Born and raised in the Silicon Valley of California, I could not have been more removed from traditional bluegrass if I had tried. Instead of fiddle tunes and rolling banjos, I grew up with Bach and the Beatles.
It was in college that I made my first contact with American roots music and with my sexuality. Personal trauma turned my world upside down in the spring of 2012, and I began searching my life and my surroundings for answers, for ways to move forward. I found the key in a song: “This Girl” by Punch Brothers. Those bright opening mandolin notes pierced the darkness around me like a lighthouse on a clear night, and I was hooked. I immediately went and bought a mandolin, eager to grasp that joyous melody for myself.

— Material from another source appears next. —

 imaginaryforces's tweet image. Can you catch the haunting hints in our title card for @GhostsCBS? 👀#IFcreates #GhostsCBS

After a few months I’d learned two more things: One, that mandolin is really, really hard and it would be a long time coming before I could ever play that song.

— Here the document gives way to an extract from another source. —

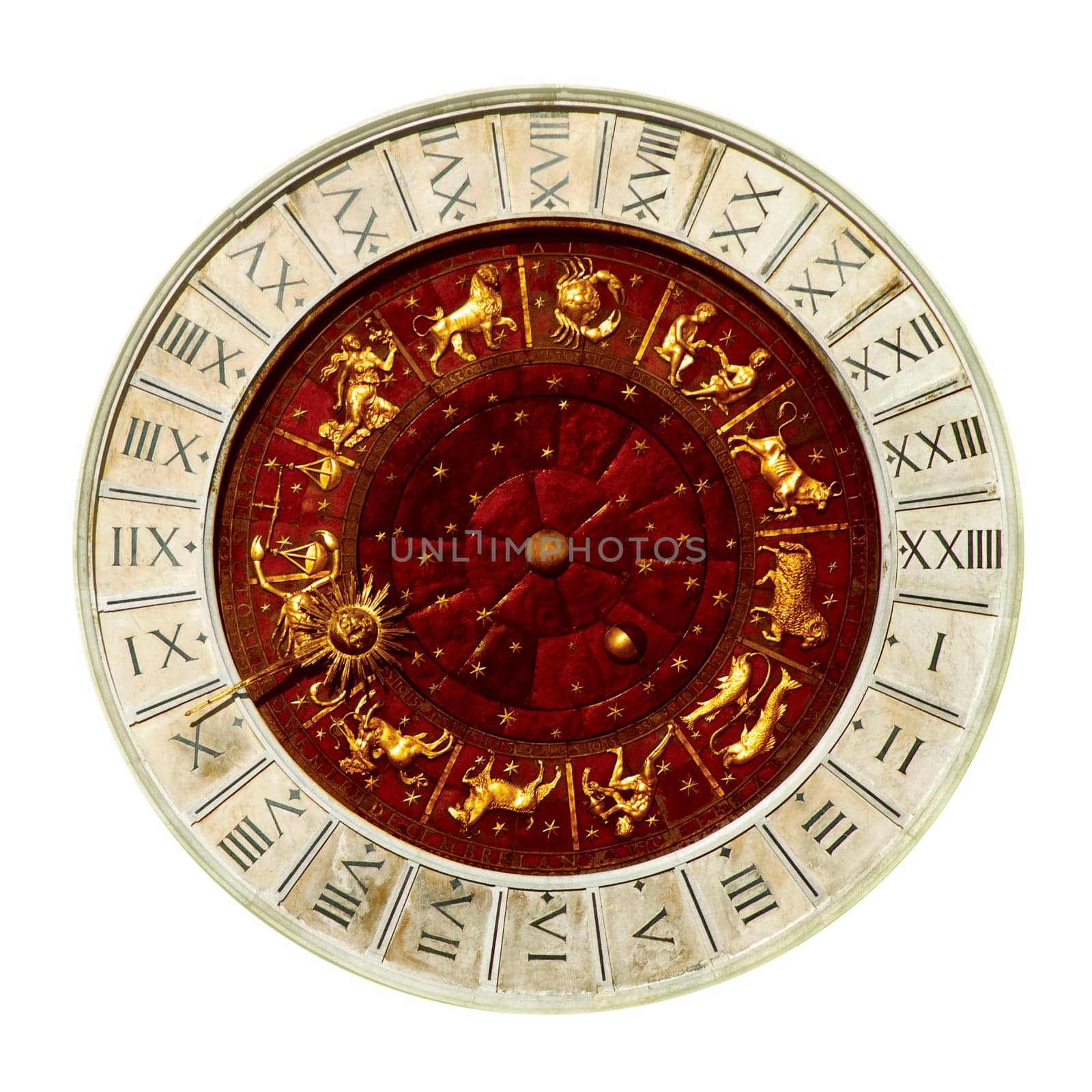 Ancient Venice clock tower, isolate on white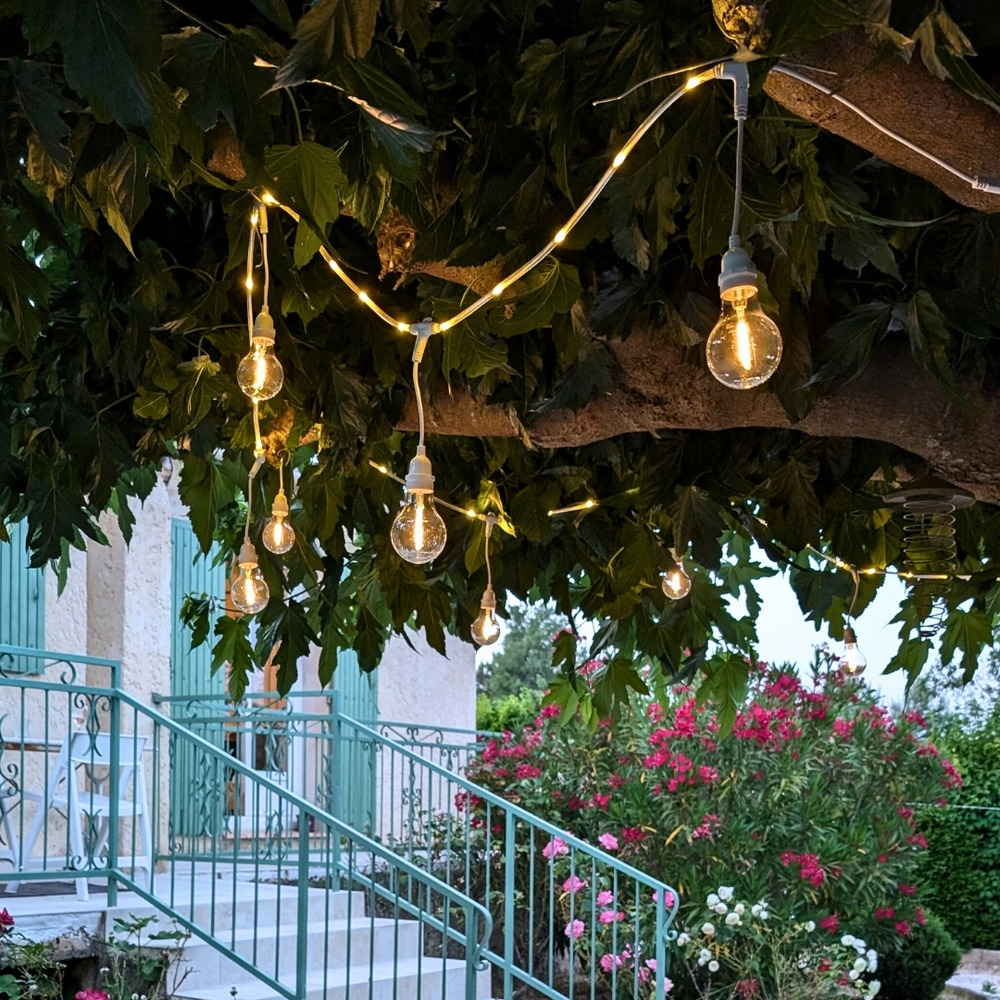 Guirlande guinguette blanc chaud 4,5 m – extérieur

And two, I wasn't as straight as I had thought.
I was back on campus in the fall, wading through the most challenging time of my life, but a part of me was focused somewhere else. I struggled with strum patterns and two-finger chords, trying to string together songs that I knew the words to. And I pined for the cute fiddle-playing girl who lived next door, wishing I knew what to say to her. In whispered tones and behind closed doors, I first sang about loving women, as though trying it on for size. It was scary that it fit. It was exciting too.
In December 2012, I dropped out of school and left her behind me. We’d barely exchanged a few sentences in the months we'd lived next door to each other, but it was its own little heartbreak. Not long after, I came out as bisexual to my dad in a café over a bowl of macaroni and cheese.

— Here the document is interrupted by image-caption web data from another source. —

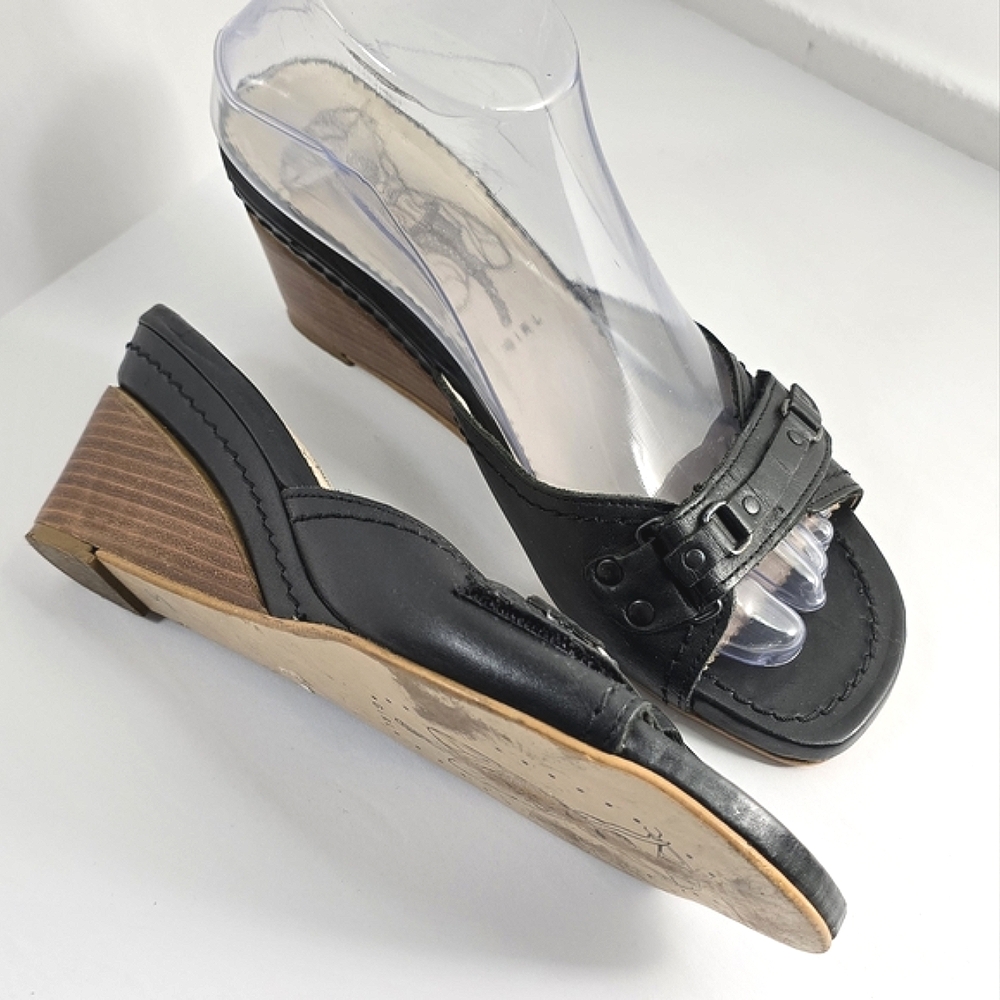 Fly London Gril  Black Wedge slip-on mules Dress Shoes size 39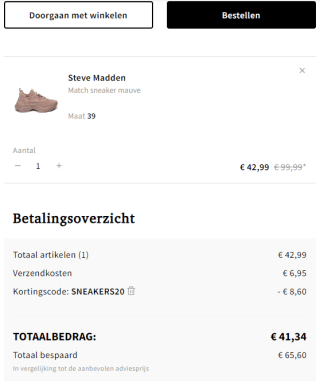 20% korting op sneakers bij Otrium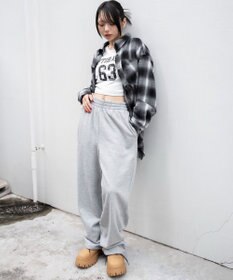 WEGO 【ウエストゴム】スウェットワイドパンツ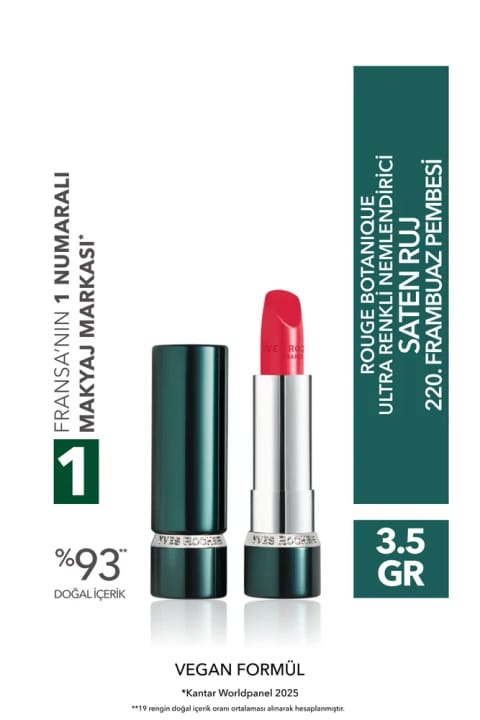 Yves Rocher Rouge Botanique رژ لب ساتن فوقرنگی و مرطوبکننده - 220. Frambu...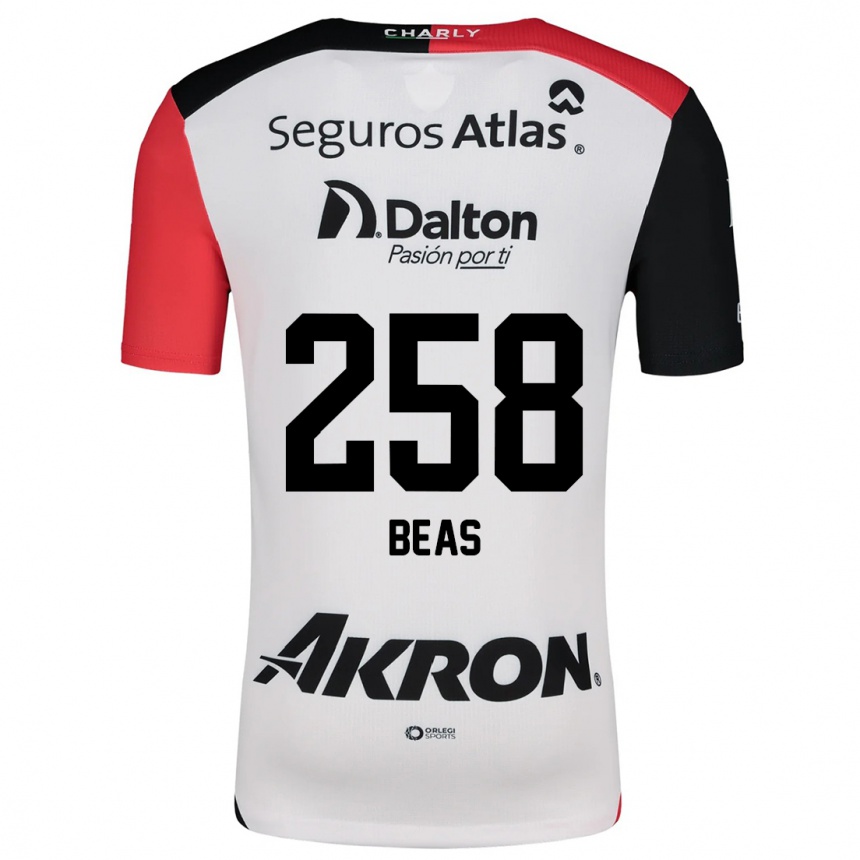 Niño Fútbol Camiseta Álvaro Beas #258 Blanco Rojo Negro 2ª Equipación 2024/25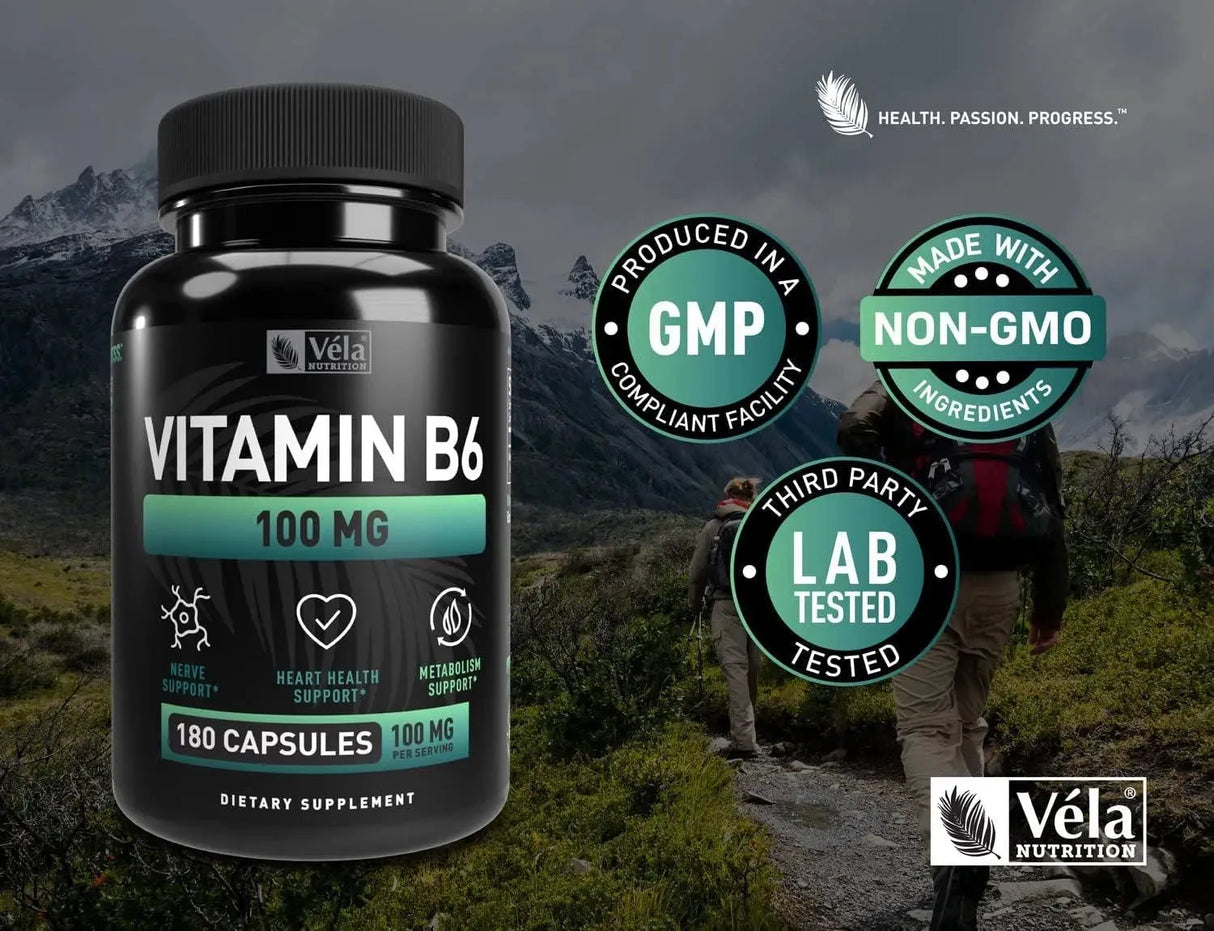 VELA NUTRITION - Vela Vitamin B6 100Mg. 180 Capsulas - The Red Vitamin MX - Suplementos Alimenticios - {{ shop.shopifyCountryName }}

My life came back to equilibrium -- I kept healing and eventually returned to my education -- but my love for acoustic and roots music never abated. I expanded my horizons and listened to more artists, both traditional and progressive. I studied the origins of the genre and the history of the instruments. The more I learned, the more I wanted to know. It was like being pulled into orbit: a gentle but accelerating descent. In 2015, I finally learned my first fiddle tune and began to really play.
Now, as I start my PhD, I struggle to practice as much as my heart wants me to. But I never really stop. This is where I belong. No community has ever welcomed me as warmly as bluegrass. In a world filled with biphobia, misogyny, and victim blaming attitudes, bluegrass has never made me feel excluded. Even as an utter beginner, I have been relentlessly encouraged and lifted up by people around me. I am so lucky. I have found my home. I have found my family.
Bluegrass came to me when I needed it most. I can honestly say that it saved my life. It twines around so much of me and where I am today -- my recovery, my sexuality, my community. It is the context in which I live each day.
These days I’m working on "This Girl" -- that bright welcoming mandolin lead, that slightly whimsical chopping rhythm. It's hard as hell, but it fills my heart past the brim.